AIM OF THE TASK> Exactly as they appear, copy the lines from the one holding "images - Alamy" through the end of the records, leaving pictures out.

------ EXERCISE MATERIAL

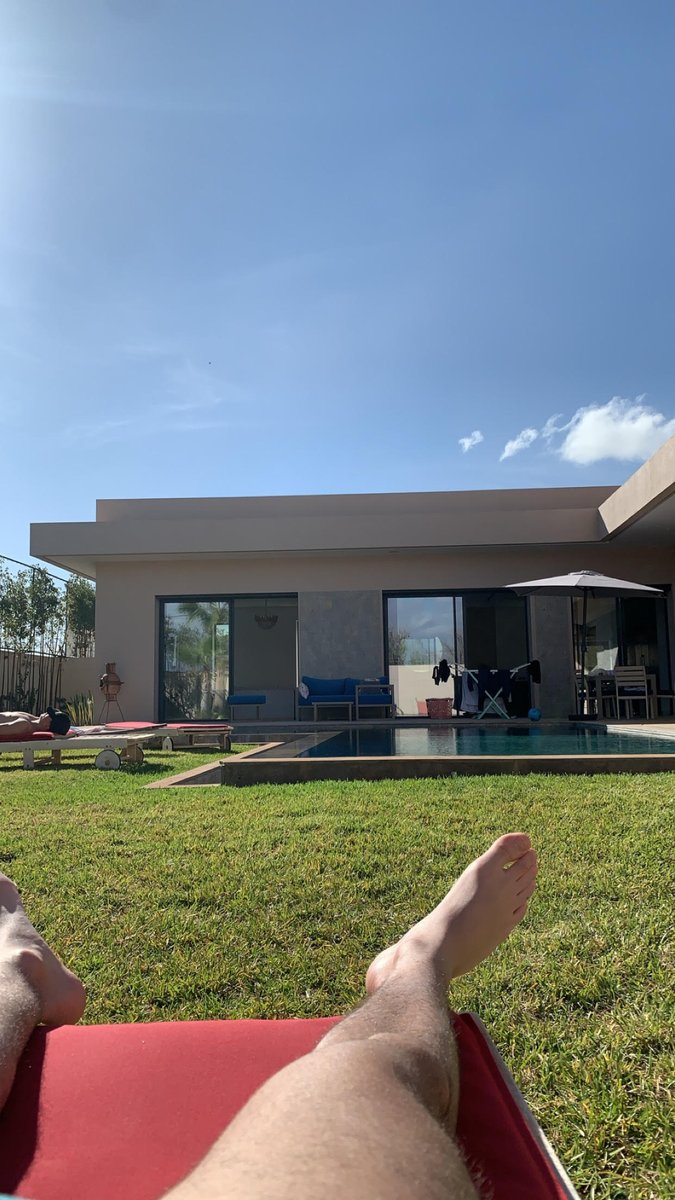 Baldwin ⚱️ (@baldwintktk) on Twitter photo Comment je vis comme Pablo Escobar grâce à l'argent de TikTok à seulement 19 ans ?
Je fais des millions de vues partout dans le monde
🧵 Voici comment : Comment je vis comme Pablo Escobar grâce à l'argent de TikTok à seulement 19 ans ?
Je fais des millions de vues partout dans le monde
🧵 Voici comment :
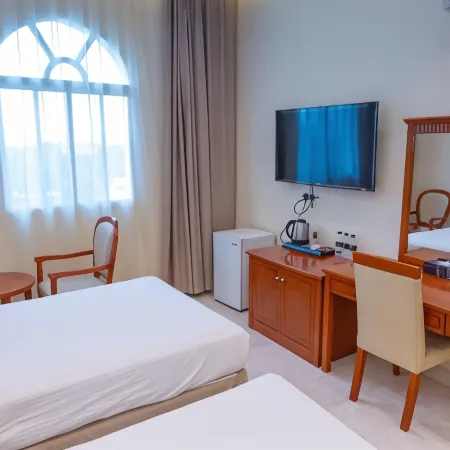 Al Jabal Hotel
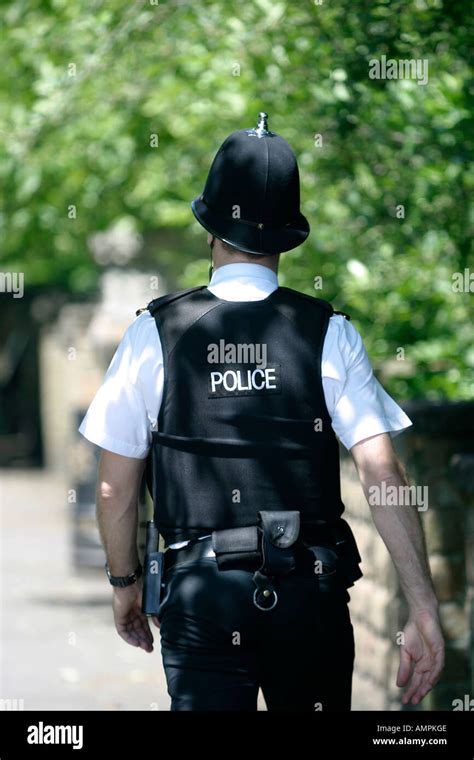 Nottingham police officer hi-res stock photography and images - Alamy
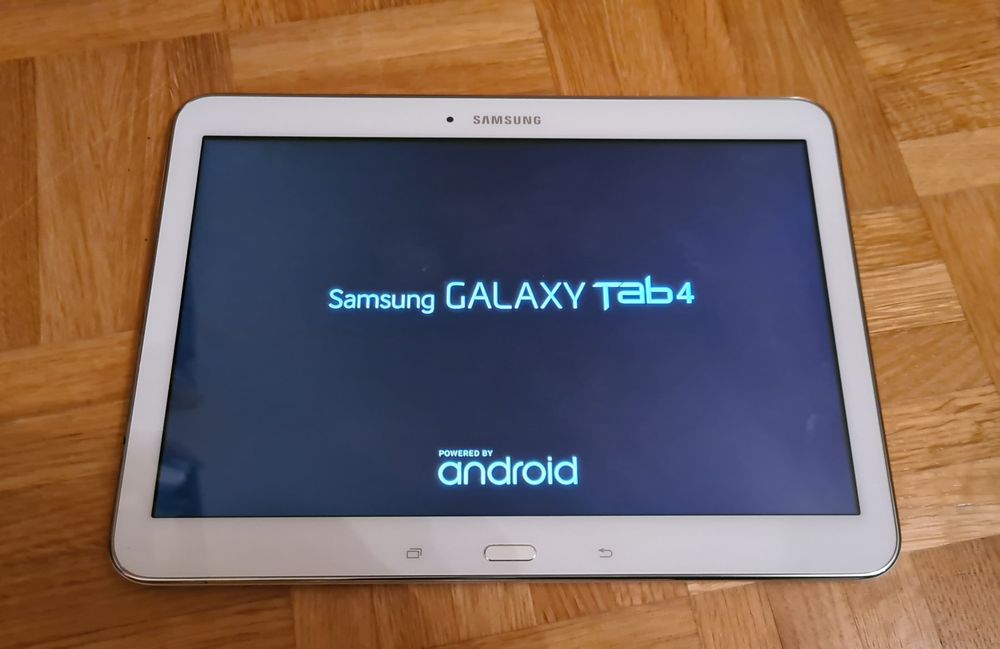 Samsung Galaxy Tablet Tab4 android • defekt? Kaufen auf Ricardo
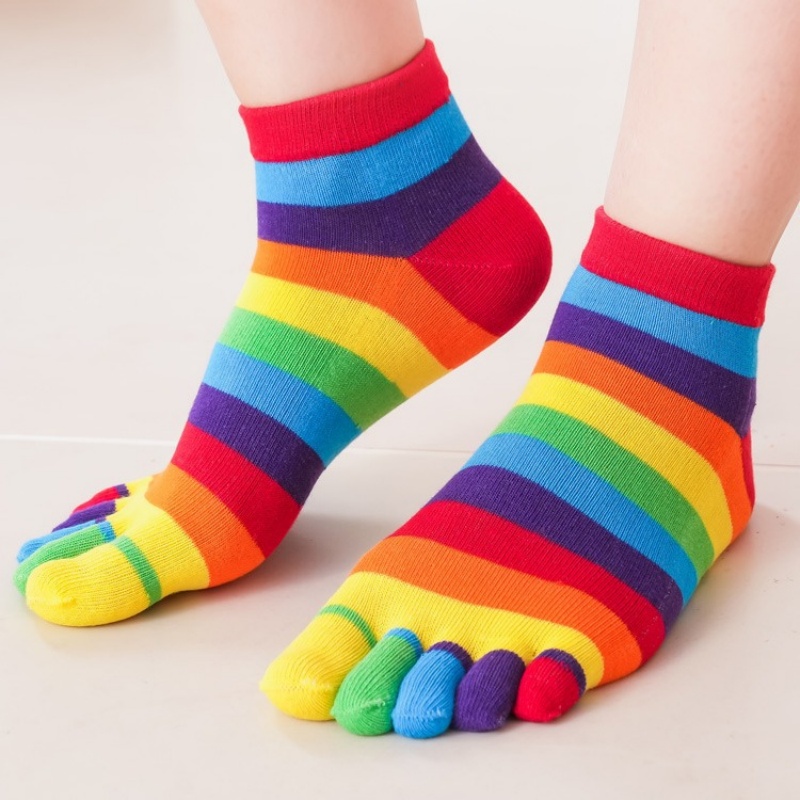 Women's Socks Rainbow Striped  - Toe Sock Split reseña y precio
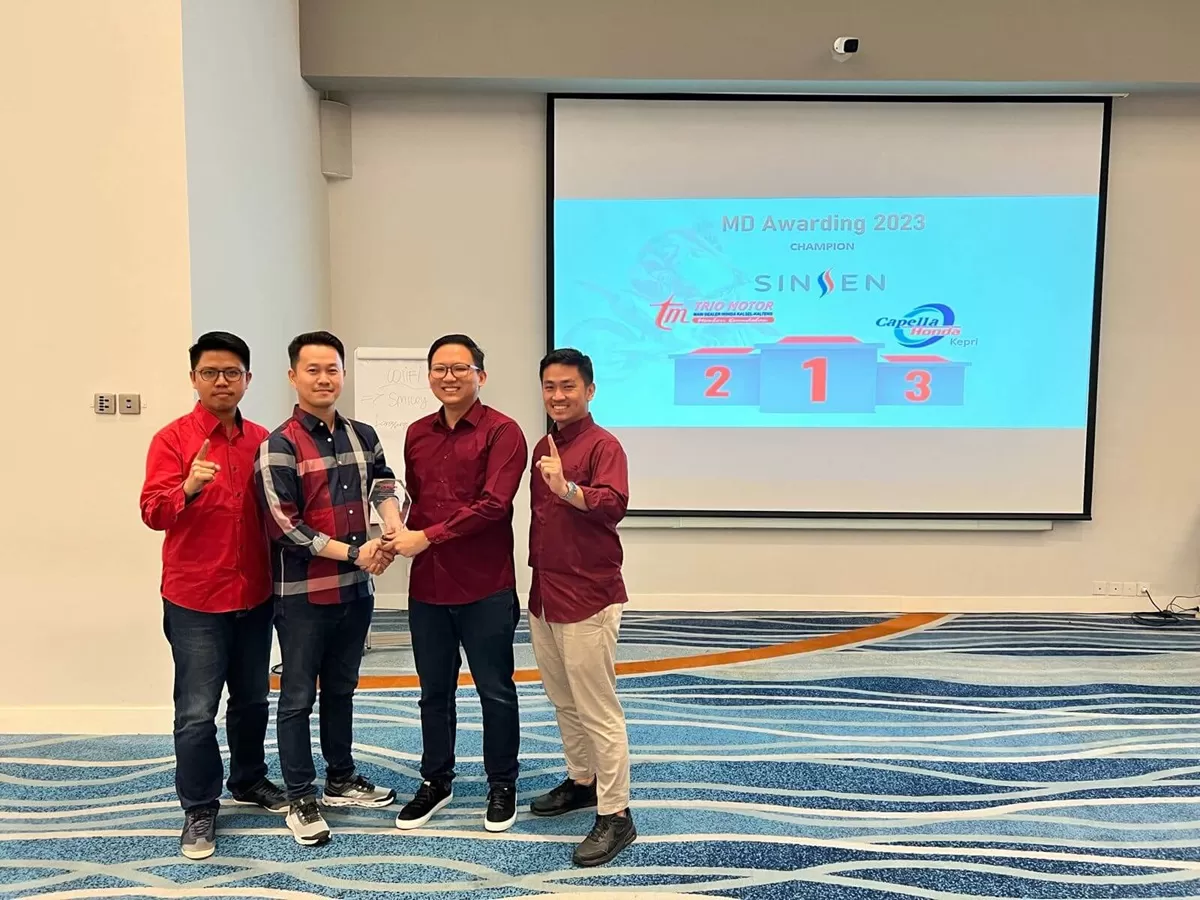 PT Sinar Sentosa Primatama (Sinsen) meraih penghargaan Best Performance dalam acara Main Dealer Championship Awards 2023 (istimewa)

------------

THE COMPLETED TASK>
 Nottingham police officer hi-res stock photography and images - Alamy
 Samsung Galaxy Tablet Tab4 android • defekt? Kaufen auf Ricardo
 Women's Socks Rainbow Striped  - Toe Sock Split reseña y precio
 PT Sinar Sentosa Primatama (Sinsen) meraih penghargaan Best Performance dalam acara Main Dealer Championship Awards 2023 (istimewa)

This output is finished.